- Born: October 9, 1939 Jacksonville, Illinois, US
- Died: March 29, 2008 (aged 68) Madison, Wisconsin, US
- Education: Truman State University
- Spouse(s): Sharon McPike, Ruth McPike (divorced)

= Milton McPike =

American educator and football player (1939–2008)

Milton McPike (October 9, 1939 – March 29, 2008) was an American educator and San Francisco 49ers player, and the principal of Madison East High School for 23 years. He also served on the Board of Regents for the University of Wisconsin–Madison until his death in 2008.

==Biography==

===Early life and education===
Milton Lee McPike was born October 9, 1939, in Jacksonville, Illinois. He played high school football with boxer Ken Norton. He attended Northeast Missouri State University Teacher's College (now Truman State University) from 1958 to 1962. While there, he earned 12 letters in basketball, track and football.

===Career===
In 1962, he was a 12th-round draft pick by the San Francisco 49ers. Following his NFL experience, McPike taught and coached sports for 11 years in Quincy, Illinois.
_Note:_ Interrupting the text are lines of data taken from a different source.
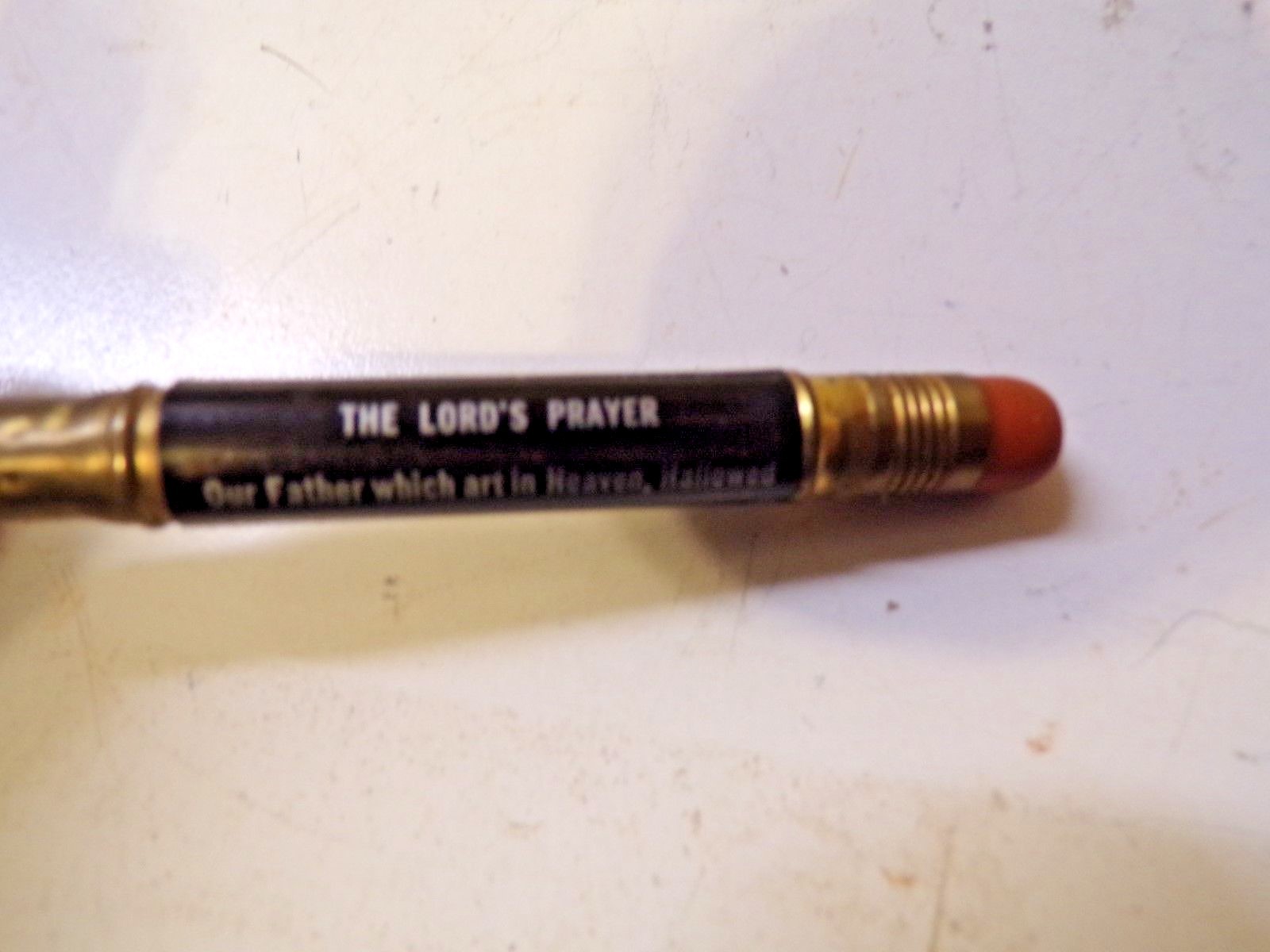 Old Bullet Pencil The Lord's Prayer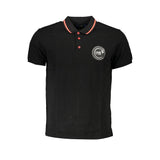 Cavalli Class Black Cotton Polo Shirt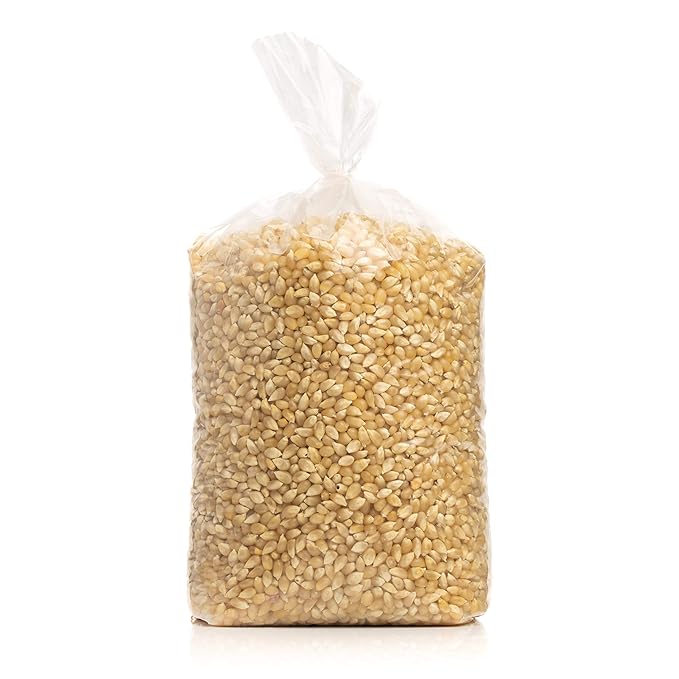 Dutchman's White Popcorn: Medium Popcorn Kernels for Popping in Microwave, Stovetop - Non GMO and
In 1974, he moved to Madison, Wisconsin, where he served as vice principal of Madison West High School for five years. In 1979, he was appointed principal of Madison East High School. Under his leadership at East, the school gained a reputation for academic focus and was recognized as a National School of Excellence in 1989. He retired as principal in 2002. The Madison East High School Fieldhouse was named after McPike in 2005.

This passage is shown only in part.